Thanksgiving is the most gluttonous day of the year. Gathering for a feast to celebrate thankfulness has turned into a national eating contest, with the average American possibly scarfing down 4,500 calories of turkey dinner with all the trimmings. Can a Thanksgiving meal be generous without going overboard?
Brian Wansink is a nutritionist, the director of Cornell University’s Food and Brand Lab, and a leading research expert on eating behaviors. His recently published book, Slim by Design, includes practical tips for designing homes, restaurants, supermarkets, workplaces, school lunch trays, and more that can help people lose or maintain weight by redesigning environments to subtly cue us to make healthy choices instead of relying on our finite powers to resist temptation.
I asked Wansink if he had any tips for designing Thanksgiving dinner for those who want to enjoy the holiday without stuffing themselves tighter than turkeys. He was careful to point out that he loves the holiday and isn’t looking to rain on anybody’s Thanksgiving parade.
“This is one of the greatest holidays of the year,” Wansink told me by phone. “I think the priority on Thanksgiving is to really reflect on how grateful you are and probably not to start a diet. But there are ways to cut down on calories.”
Don’t waste calories before the main meal.
Wansink says that his research on Thanksgiving eating habits shows that people eat 11 percent of total calories grazing on packaged snacks before the main meal. Save your appetite for dinner, he says.
“Don’t eat anything that is store-bought,” Wansink says, whether it’s mixed nuts or a pie from the grocery. “Nobody is going to be offended if you don’t eat something that came in a package, but they will be if you don’t eat the special dish they made just for you.”
Serve food at the table, then remove the most caloric dishes to a side table.
Wansink said that it’s important to uphold our Norman Rockwell–esque expectations of a bountiful Thanksgiving table. But once everyone has been served, banish the stuffing, mashed potatoes, rolls, and other high-calorie side dishes to a side table. “Our research shows that people eat about 20 percent less if served off a side table, stove, or counter rather than right in front of you,” Wansink said. Forcing people to get up for seconds or thirds, he said, “works well because getting up means visually announcing that you’re going to be a pig. Although Thanksgiving is a much less judgmental dinner.” Nevertheless, he said, leaving healthier dishes like green beans, salad, and turkey on the table encourages people to fill up on leaner fare.

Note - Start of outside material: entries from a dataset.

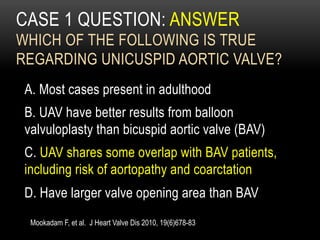 CASE 1 QUESTION: ANSWER
WHICH OF THE FOLLOWING IS TRUE
REGARDING UNICUSPID AORTIC VALVE?
A. Most cases present in adulthood
B. UAV have better results from balloon
valvuloplasty than bicuspid aortic valve (BAV)
C. UAV shares some overlap with BAV patients,
including risk of aortopathy and coarctation
D. Have larger valve opening area than BAV
Mookadam F, et al. J Heart Valve Dis 2010, 19(6)678-83
 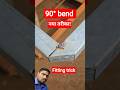 fitting trick,90°bend making idea #fitter #welder #shortvideo #shorts #short #viralshorts #viral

To avoid drinking too much, make sure that everyone has a water glass, and serve wine in tall, narrow glasses.
Drinking accounts for 10 percent of all Thanksgiving calories consumed, Wansink said. His research indicates that we drink more out of wide-rimmed glasses, and he suggests using tall, narrow glasses instead (though the red wine–drinking snobs at your table might have a hard time swallowing that advice).
If you’re especially concerned about keeping guests from drinking too much, he said, keep the wine off the table. Instead of pouring refills, bring fresh glasses and place them next to the empty ones without removing them to create a visual reminder of how much alcohol has been consumed.
Use smaller serving bowls and tablespoon-sized serving spoons, not serving tongs.
“Tongs lead to overserving,” Wansink says. Smaller serving bowls that can be refilled in the kitchen as necessary help people to maintain a healthy perception of portions. Smaller serving spoons mean they will likely serve themselves less.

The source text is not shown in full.